For all the coffee drinkers, have you ever had too much coffee? Not in the sense of becoming over-caffeinated, but purely on the enjoyment side?

When you reach for that second, third, or fourth cup, it doesn’t taste like the first one. It becomes a little less valuable to you. By then, the caffeine has flooded your brain and you’re ready for something else. 

In a way, our money is the same. We might get a lot of enjoyment on our first purchase, but when we keep hitting the buy button, it feels less enjoyable than it did early on. We become numb to the way we felt on the first purchase. 

This is a result of the law of diminishing marginal returns. That’s a dressed up way of saying this: each additional thing that we buy delivers a smaller and smaller increase in value. And if we keep the purchase ball rolling, we can breach into negative returns. 

In our coffee example, negative benefit might be headaches, or dehydration, or even an aversion to the joyous drink. 

Our brains assume we will pull equal, linear value from each added rep, but it’s not always true. So we trick ourselves into over-indulging, over-spending, all to end up in a frustrating state of confusion: why doesn’t increasing consumption bring increasing joy?

The question plagues us. If income is good, how can adding more be bad?

Let’s say you work a low stress job and make $60,000 per year. It’s routine, has a good amount of work, but nothing to take home. You have job security and you don’t come home stressed. The income lets you live a pretty good life.

But a promotion comes along. And with the promotion comes more work. More work brings less creative time than you had before. You might even manage people now. Your new role leaves you more stressed than you were before. There’s performance pressure. Last minute presentations that you must take home to tweak.

Yes, you have more money, but what did you give up to get it? 

There can be negative consequences with too much of a good thing. 

I used to go to Starbucks most days during the week. Venti dark roast, no cream. It was a rhythm. But I started to notice something odd. Something that changed the way I went about my day. What I noticed was a sense of familiarity, or expectation around the drink. It had become a part of my day — I had gotten used to it. And when this happened, I valued the trip to Starbucks less. I valued my venti dark roast less.

I remembered the feelings I would get when my trips to Starbucks were less frequent. The feelings were worth more on those infrequent visits than the fourth stop in the same week.

It was a treat that became a tired routine. One that took something I enjoyed into the negative return zone. 

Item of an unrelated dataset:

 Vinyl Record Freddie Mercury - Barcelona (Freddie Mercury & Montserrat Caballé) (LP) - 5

It’s tricky to identify areas where you might be over-consuming and experiencing these diminishing returns. But it’s worth experimenting and cutting ties with some suspects you might have. 

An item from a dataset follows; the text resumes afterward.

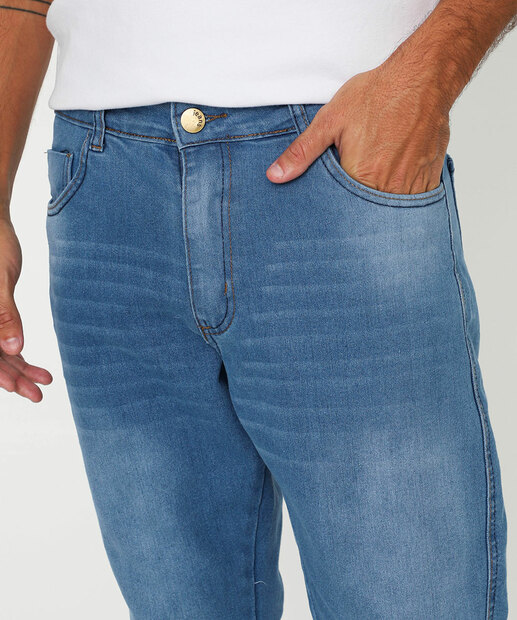 Calça Masculina Jeans Skinny Jezzian Azul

This space, or distance, will help you right-size the relationship. To value it more when you resume your spend. 

the first cup is better than the fourth cup

Two quotes on survival:

Understand your downside risk — you don’t need to do it big, you only need to survive long enough to reap the rewards.

“People love focusing on the upside. That's where the fun is. What amazes me is how superficially they consider the downside. For me, the calculation in making a deal starts with the downside. If I can identify that, then I understand the risk I'm taking. What's the outcome if everything goes wrong? What actions would I take? Can I bear the cost? Can I survive it?”

Sam Zell

"The trick in investing is not to lose money. That’s the most important thing. If you compound your money at 9% a year, you’re better off than investors whose results jump up and down, who have some great years and horrible losses in others. The losses will kill you. They ruin the compounding rate and compounding is the magic of investing.”

Jim Rogers

Three questions on quantity:

  1. Where have I been trying to find the solution instead of a bunch of possibilities?

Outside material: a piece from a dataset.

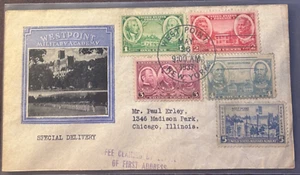 #785-789 Army Combination FDC with West Point cachet - Picture 1 of 1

  2. What if I focused on quantity and edited down to quality?

  3. What if I tried to come up with 100 average ideas instead of pushing through the pressure of curating one or two good ideas?

Which question stuck with you? Questions like these are spotlights for the mind. Reply to this email and let me know which one shined light on a previously dark cave.

Four lines of poetry for the point:

The more you consume,

The less you might get.

The law of diminishing returns,

One to keep secure in your front pocket.